L.A. man pleads guilty to federal charge for setting restaurant fire during 2020 unrest

Santa Monica restaurant burns
A man stands in front of Sake House by Hikari, a Santa Monica restaurant, as it burned on May 31, 2020. Federal authorities announced that a San Fernando Valley man, not pictured above, pleaded guilty to possessing an unregistered destructive device that caused the fire.
(Wally Skalij / Los Angeles Times)

A San Fernando Valley man on Thursday admitted he set a Santa Monica restaurant on fire during a period of social unrest last year and pleaded guilty to a federal criminal charge stemming from the incident.
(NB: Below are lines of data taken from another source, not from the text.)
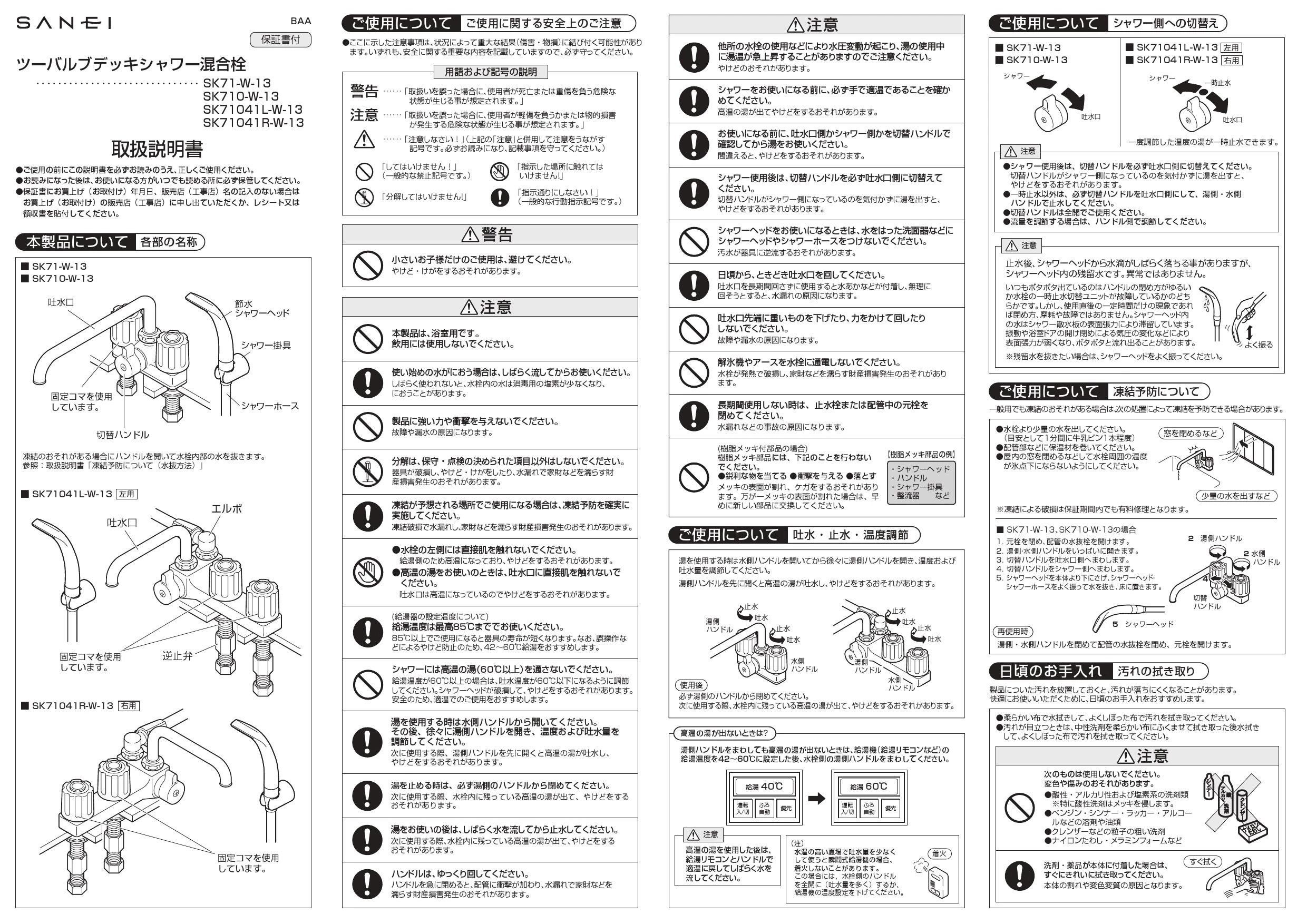 SANEI SK71041L-W-13 取扱説明書 商品図面 分解図|SANEI デッキ SANEI SK71041L-W-13 取扱説明書 商品図面 分解図|SANEI デッキ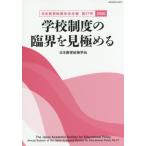 [ бесплатная доставка ][книга@/ журнал ]/ школа система. ... видеть довести до предела ( Япония образование политика .. год .)/ Япония образование политика ..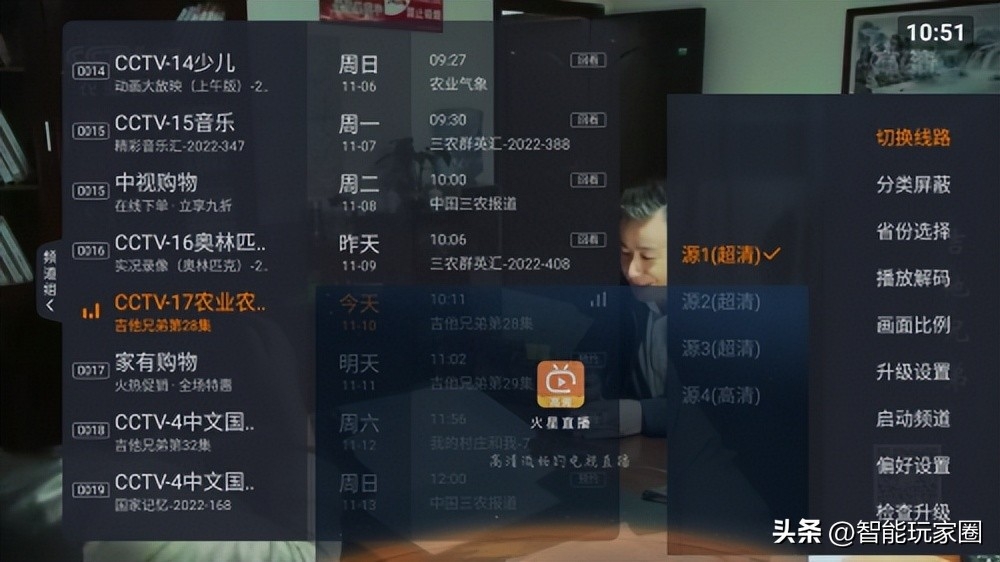 互聯網電視怎么看電視臺的頻道？
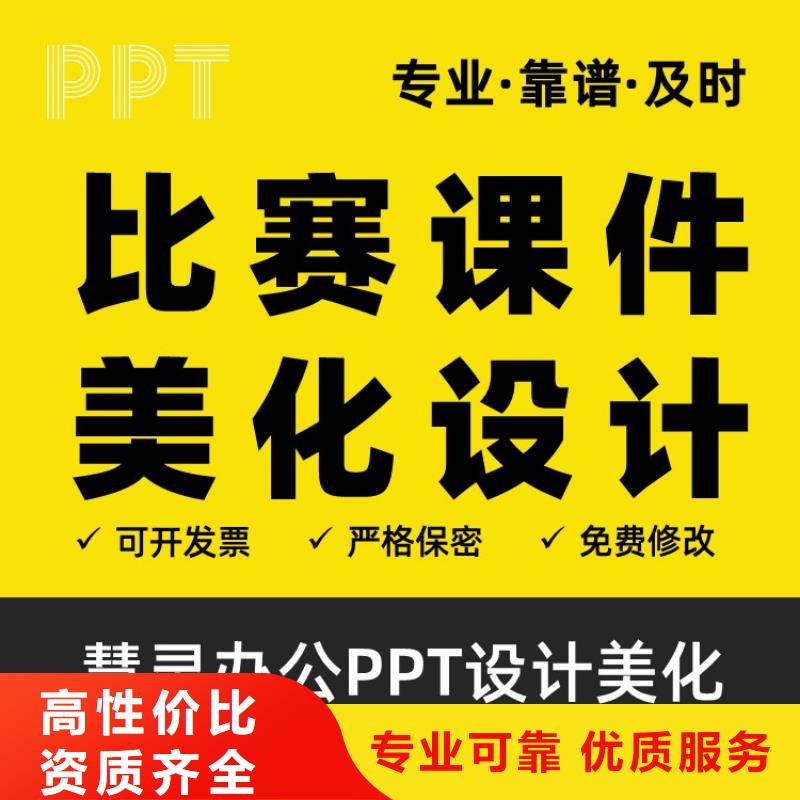 PPT美化设计制作公司主任医师及时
Micah Tillmon, 20, of West Hills entered the plea to one count of possession of an unregistered destructive device, according to the U.S. attorney’s office for the Central District of California.

According to his plea agreement filed in court, Tillmon went inside Sake House by Hikari, a popular Japanese restaurant on Santa Monica Boulevard, on May 31, 2020.
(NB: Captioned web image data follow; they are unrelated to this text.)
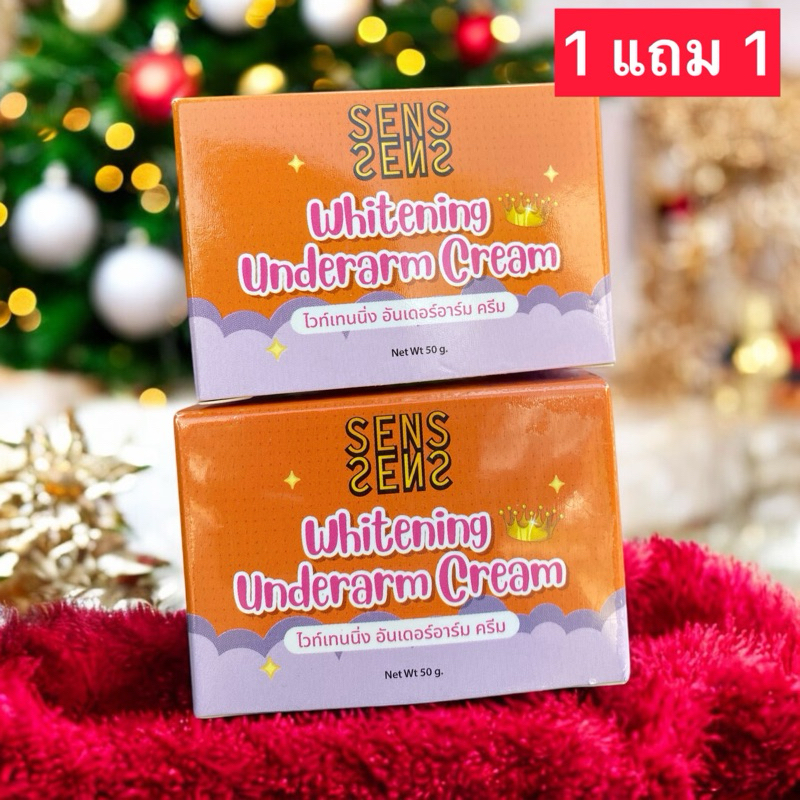 ( 2 กระปุก ) กระปุกคละสี ครีมทาใต้วงแขน ครีมทารักแร้ ครีมทาขาหนีบ SENS ขนาด 50 กรัม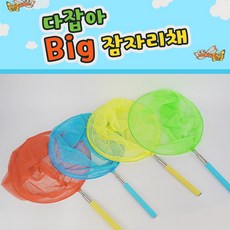 [날쌘거북이]다잡아 Big 잠자리채[4개입+메세지 스티커 2종 8매동봉] 어린이잠자리채 접이식 잠자리채 생일선물 답례품, 다잡아 Big잠자리채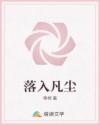 落入凡尘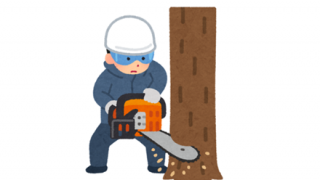 【DIY悲報】チェーンソー、ガチで危険すぎるwww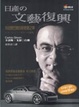 Cover of 日產文藝復興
The downtown Santa Monica restaurant and other businesses in the area had closed for the day in anticipation that looters and vandals would use protests over a Minneapolis police officer’s killing of George Floyd as cover to wreak havoc.

In chaotic scenes broadcast live on television and over social media, police fired on protesters with rubber bullets and tear gas as looters broke into businesses.

“While inside the restaurant, Tillmon possessed and used an incendiary device to ignite a fire that rapidly grew, enveloped the entire restaurant space and spread to other areas of the building adjacent to the restaurant,” prosecutors said.

Security video from the restaurant showed Tillmon take “a red tube-shaped object from his jacket,” and put it behind a reception desk before walking away, according to law enforcement records filed in the case. Fire erupted within seconds.

Carel Ale, an attorney from the federal public defender’s office who represented Tillmon, declined to comment.


Santa Monica firefighters responded to the scene, but they left before fully extinguishing the fire because of “safety concerns that accompanied the city’s civil unrest,” prosecutors wrote.

“As a result, [they] needed to return to the scene several times throughout the night to extinguish additional flare-ups. The restaurant has since permanently closed,” prosecutors added.

Santa Monica police detectives identified Tillmon as the suspect after reviewing security videos and social media posts, prosecutors said.

A video showing Tillmon’s white Ford Explorer parked next to the restaurant and then leaving soon after flames broke out helped link him to the crime, they said.

Tillmon is scheduled to be sentenced Dec. 6 by U.S. District Judge Michael W. Fitzgerald. He faces up to 10 years in prison.